--- Material provided Enclosed Below ---

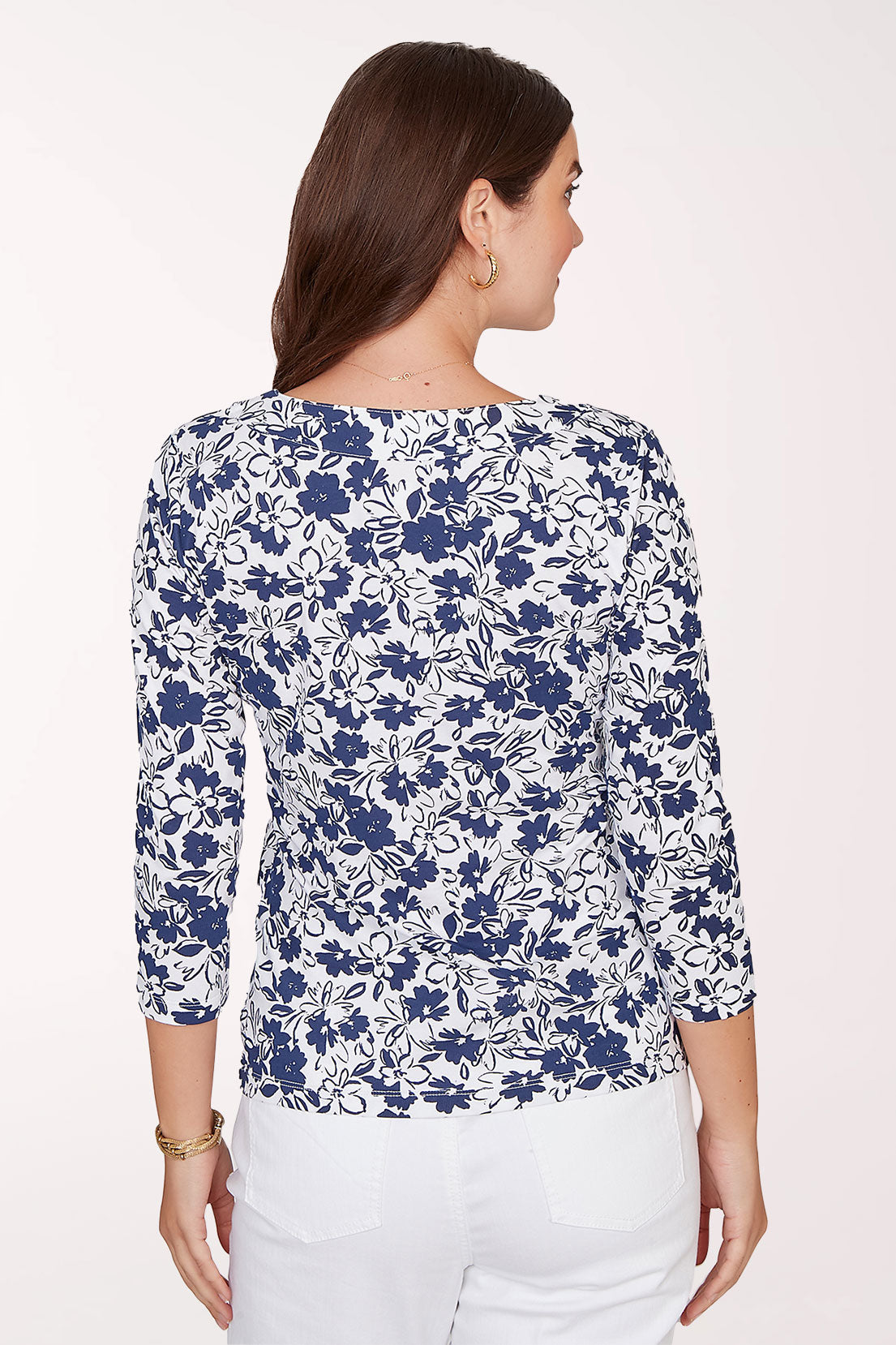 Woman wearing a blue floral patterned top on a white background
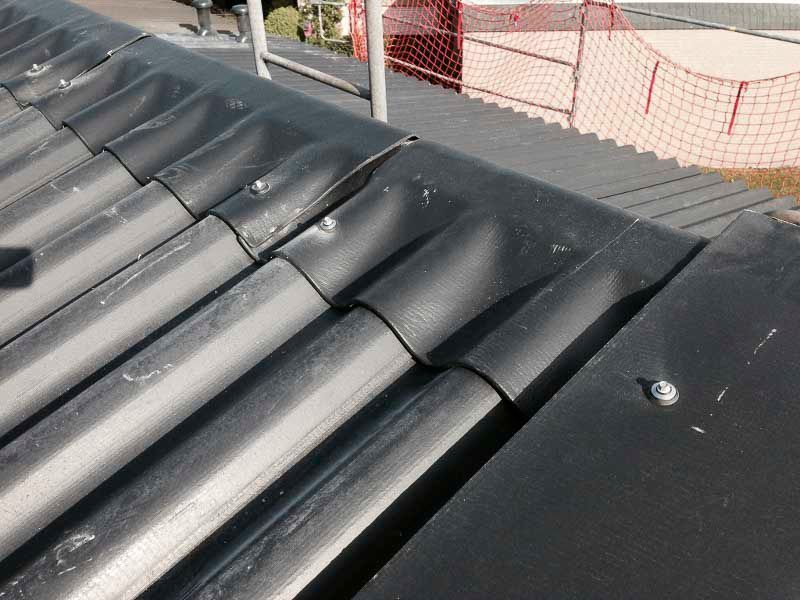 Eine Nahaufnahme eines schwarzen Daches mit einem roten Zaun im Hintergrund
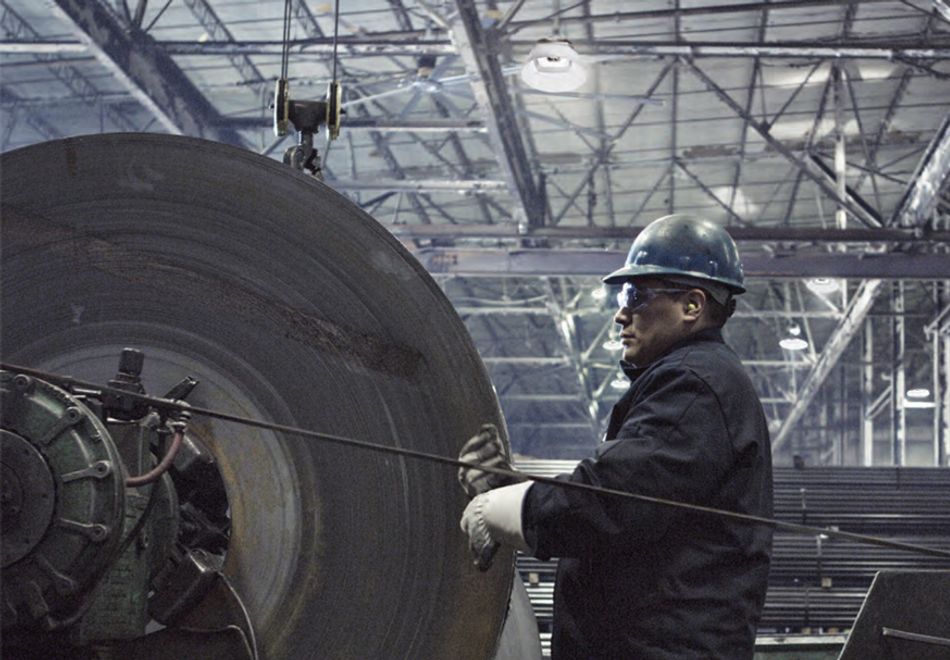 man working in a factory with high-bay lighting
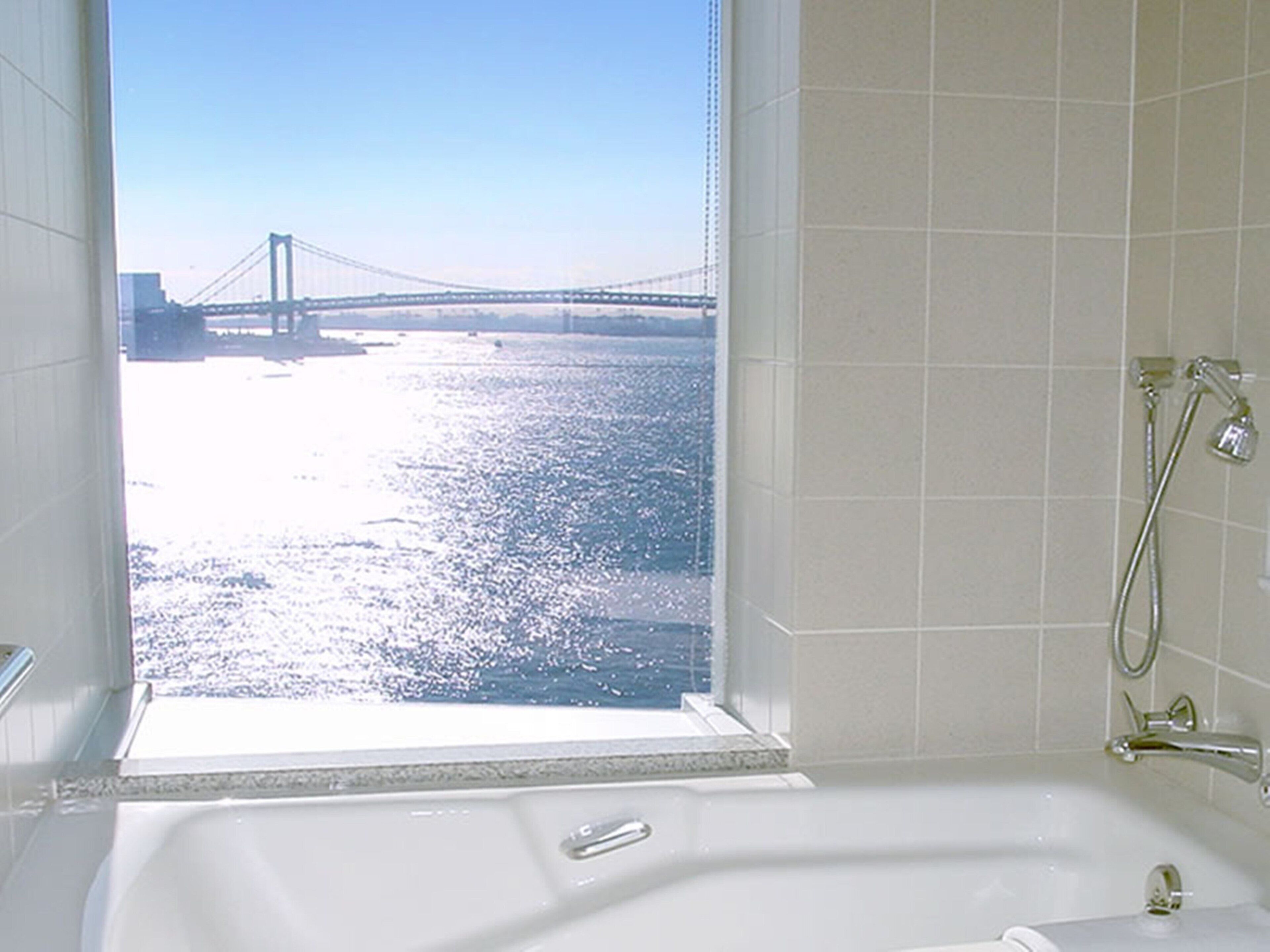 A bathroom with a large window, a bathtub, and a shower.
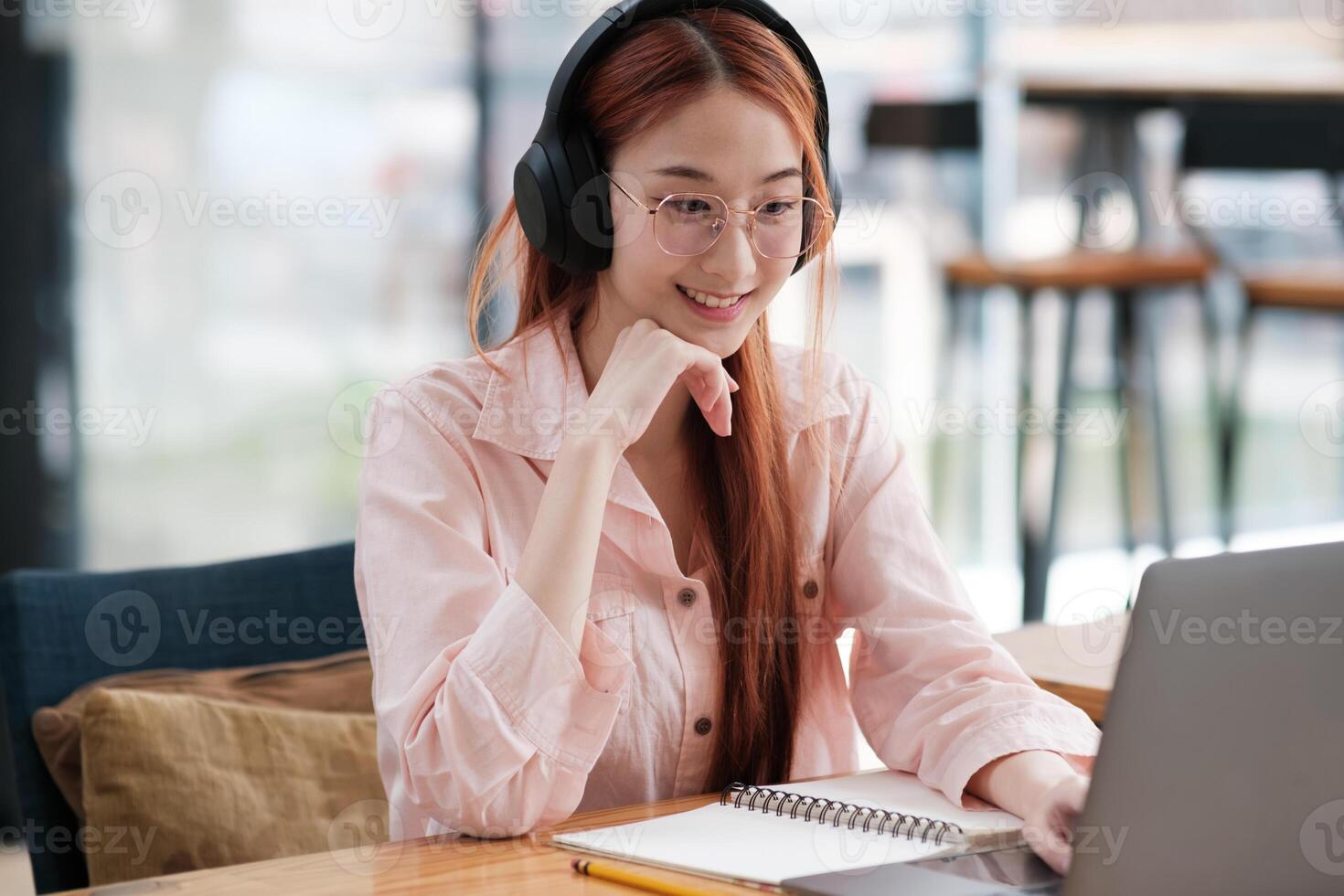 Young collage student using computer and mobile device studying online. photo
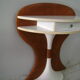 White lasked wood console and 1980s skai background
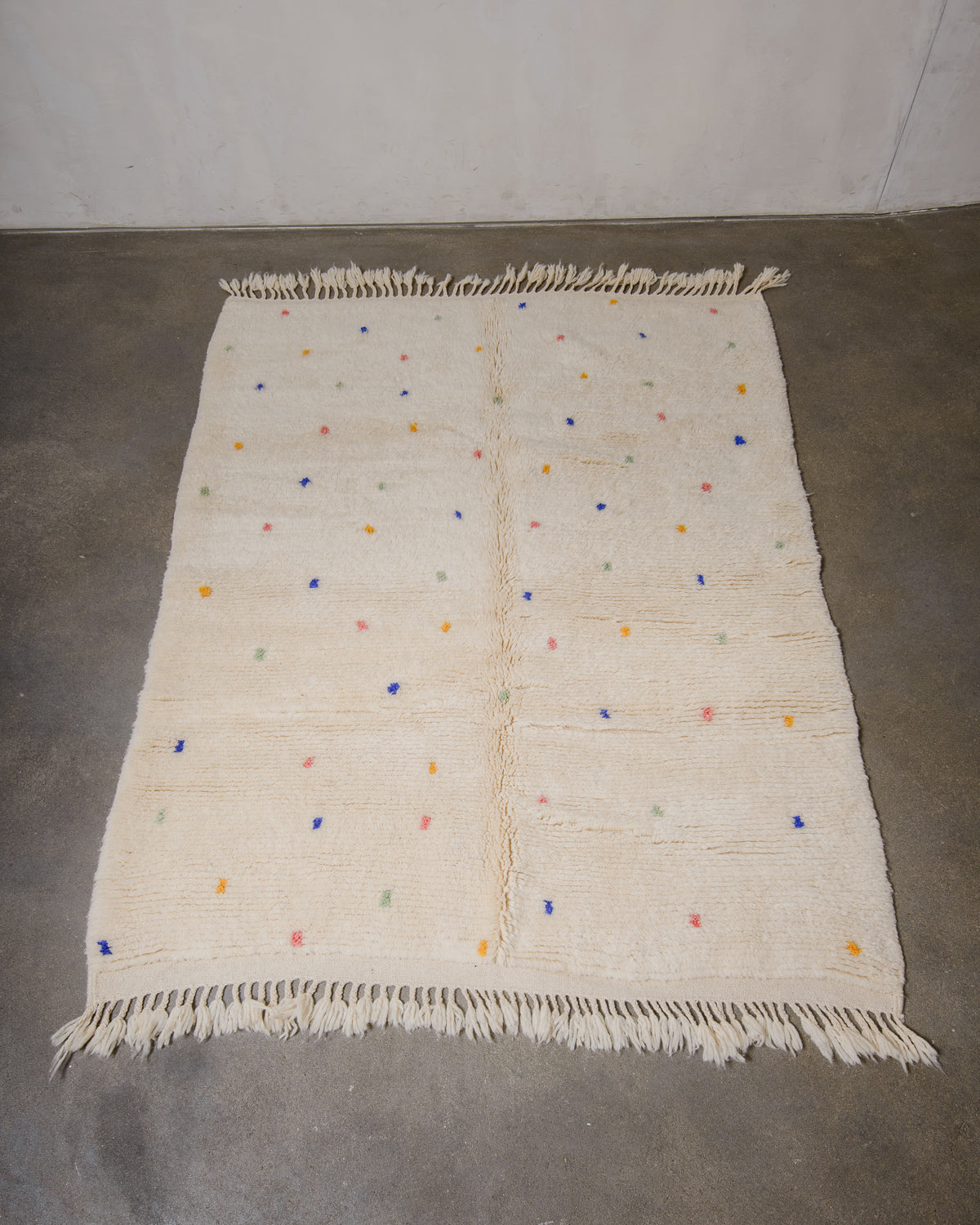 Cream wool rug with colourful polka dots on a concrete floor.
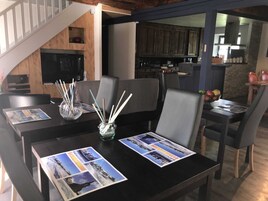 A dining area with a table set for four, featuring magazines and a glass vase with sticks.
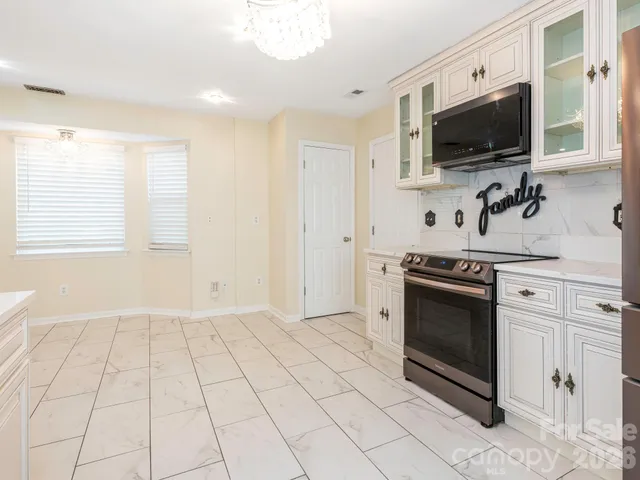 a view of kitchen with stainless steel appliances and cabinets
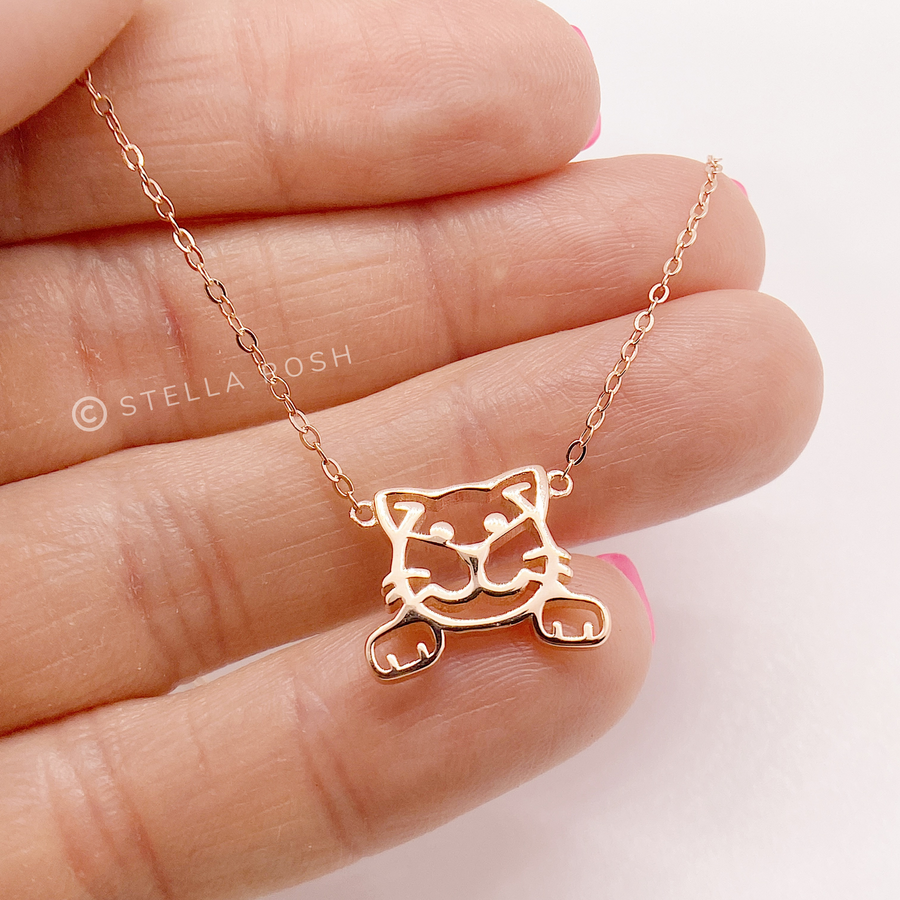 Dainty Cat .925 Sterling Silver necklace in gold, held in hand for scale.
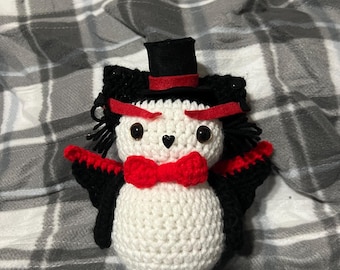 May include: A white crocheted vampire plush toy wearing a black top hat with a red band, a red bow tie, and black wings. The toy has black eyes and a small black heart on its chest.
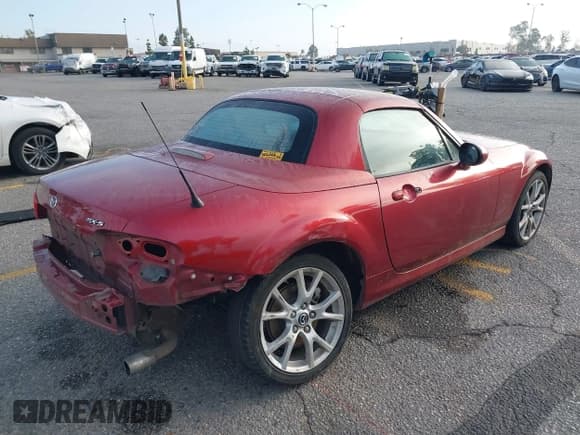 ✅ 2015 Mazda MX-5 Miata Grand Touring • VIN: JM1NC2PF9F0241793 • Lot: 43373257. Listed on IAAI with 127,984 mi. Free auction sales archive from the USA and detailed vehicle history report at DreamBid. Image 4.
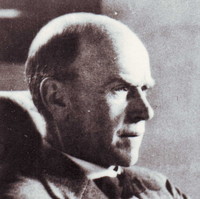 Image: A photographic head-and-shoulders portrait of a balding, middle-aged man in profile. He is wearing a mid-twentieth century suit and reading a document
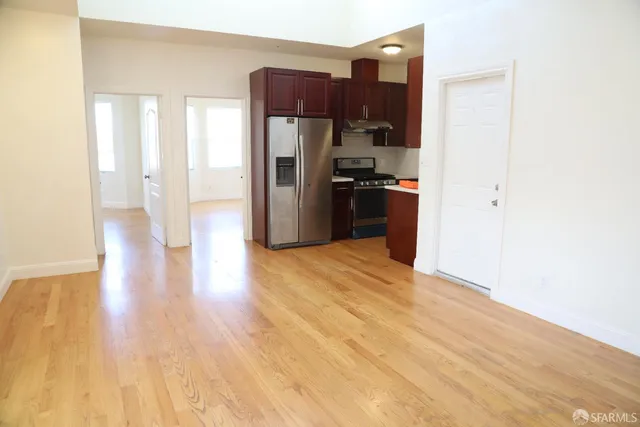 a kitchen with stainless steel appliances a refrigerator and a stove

--- End of Enclosed Material provided ---

With the pictures left out, transcribe exactly the lines from the line holding "Cream wool rug" through the closing line of the entries.

▶ Problem solution:
 Cream wool rug with colourful polka dots on a concrete floor.
 A dining area with a table set for four, featuring magazines and a glass vase with sticks.
 a view of kitchen with stainless steel appliances and cabinets
 Dainty Cat .925 Sterling Silver necklace in gold, held in hand for scale.
 May include: A white crocheted vampire plush toy wearing a black top hat with a red band, a red bow tie, and black wings. The toy has black eyes and a small black heart on its chest.
 ✅ 2015 Mazda MX-5 Miata Grand Touring • VIN: JM1NC2PF9F0241793 • Lot: 43373257. Listed on IAAI with 127,984 mi. Free auction sales archive from the USA and detailed vehicle history report at DreamBid. Image 4.
 Image: A photographic head-and-shoulders portrait of a balding, middle-aged man in profile. He is wearing a mid-twentieth century suit and reading a document
 a kitchen with stainless steel appliances a refrigerator and a stove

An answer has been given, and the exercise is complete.